Four US Special Forces were recently ambushed in Niger, a neighbor to its better-known Nigeria. Information and misinformation is rapidly emerging about what happened to the four men; but whatever emerges, we need some history on what Europeans called “The Dark Continent.” Geographer George Kimble challenged that stereotype in the early 1900s with “The darkest thing about Africa has always been our ignorance of it.” Nothing teaches us geography and history more than wars and other tragedies in faraway places.
Sub-Saharan Africa has historically been defined by Mediterranean/Middle Eastern empires by the distinctive “otherness” of its people; in this case by the most obvious difference-- their blackness. Greek maps labeled vast areas south of Egypt and Libya as black in Greek, from whence comes “Ethiopia.” Then the Romans, influenced by the Greeks, called black people “Aethiops,” but Roman maps used the Latin word “niger” for sub-Saharan Africa from whence the name for great river Niger, and the colonially established countries of Niger and Nigeria which are as dependent on the Niger river as Ethiopia, Sudan and Egypt are on the Nile. When the Arabs dominated after the 800s(ACE), they used their word for black: “sudan.” Some suggest that the Spanish word “marron” meaning dark resulted in naming Morocco and Mauretania. The Persian/Farsi word “zang” could also be behind names like Tanzania and Zanzibar.
The US knows more about English-speaking Nigeria than French-speaking Niger. In the francophone world, the opposite is true. Niger in French is pronounced “knee-jer”(as in jerry) but in English,“nigh-jur”(as in jury). A man or woman citizen in Nigeria is a Nigerian; but in Niger, a woman is a Nigerienne—drop the terminal “ne” for a man. Broadcast media would lessen confusion by referring to the “troops of Niger” or “Niger’s troops.” Niger is the size of Texas, Nevada, Colorado and Nebraska; thus larger than Nigeria (size of Texas and Minnesota). But Nigeria’s population of 186 million dwarfs Niger’s 21 million.

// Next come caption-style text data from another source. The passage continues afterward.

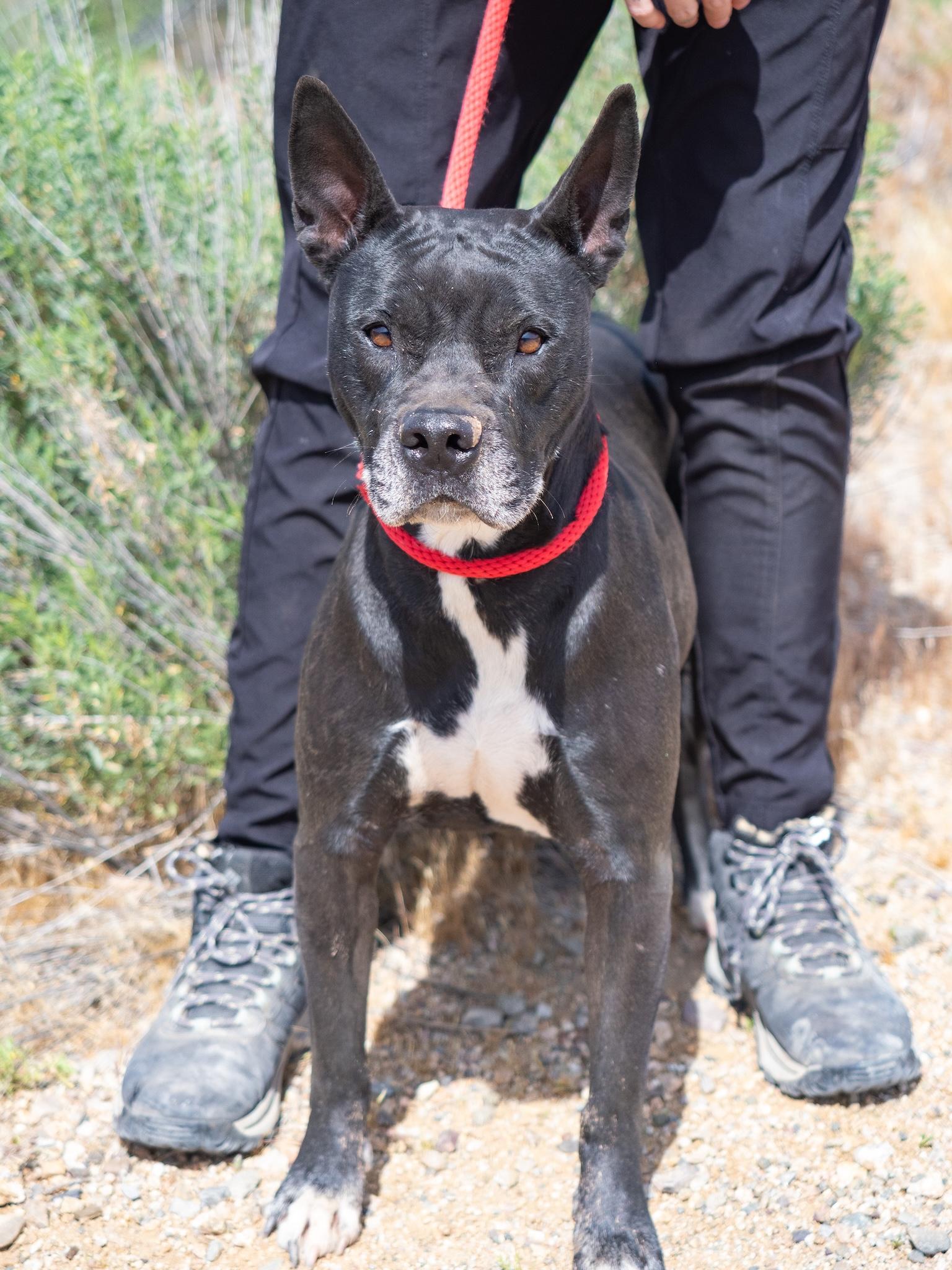 Enlarge Lady, an adopted mixed breed in Globe, AZ image 1/2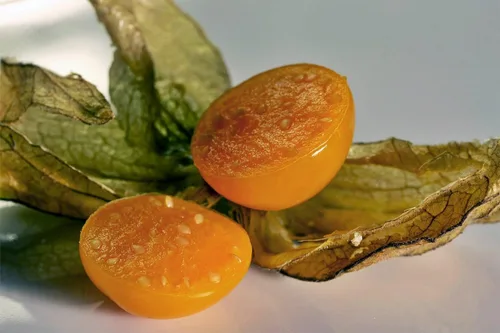 Vista 7 de Semillas Linterna China Señora Madonna Physalis Cabo Grosella Espinosa Naranja No GMO Heirloom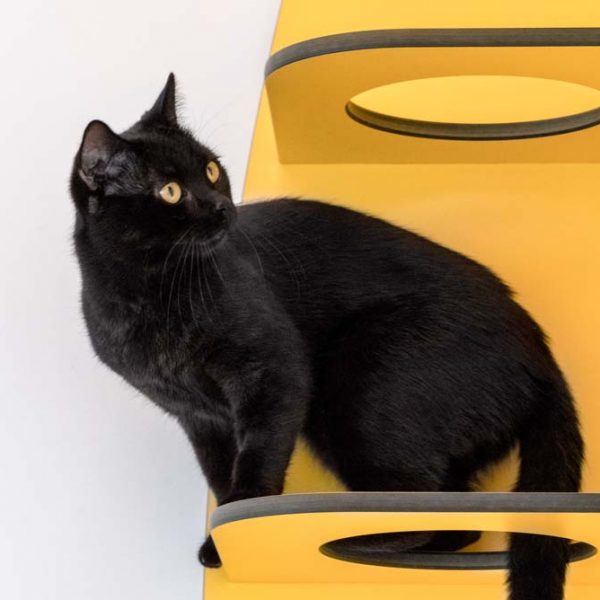 Kater Bilbo / © 2017 Arche KaNaum (NH)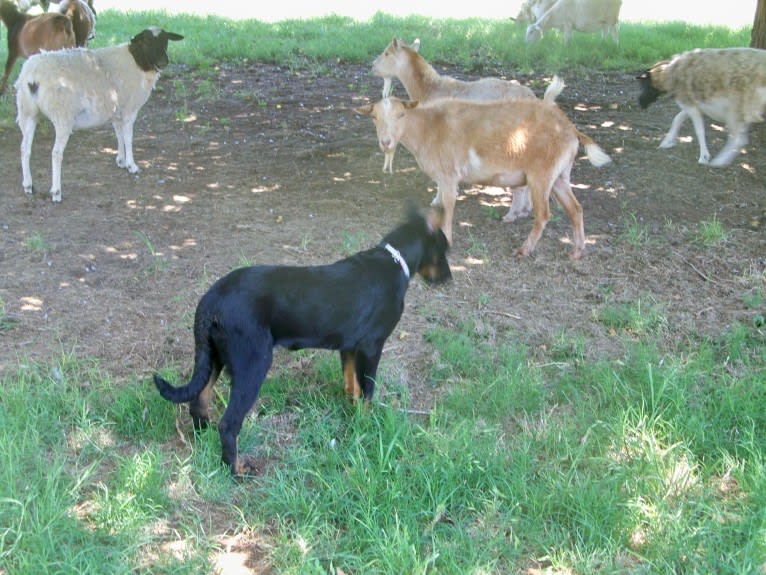 Meg, a Beauceron tested with EmbarkVet.com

All these statistics are helpful, but more important is to realize that colonialism, religion, and ethnicity create a more complex picture. Indeed, ethno-religious factors dominate the colonial history that had set up borders at the Conference of Berlin in the early 1880s. Since the 1960s, most west African nations became independent, but the many ethno-religious groups in West Africa have followed horizontal ecological frontiers along the sahel (shore of the desert), even though Western colonial penetration was from the coast.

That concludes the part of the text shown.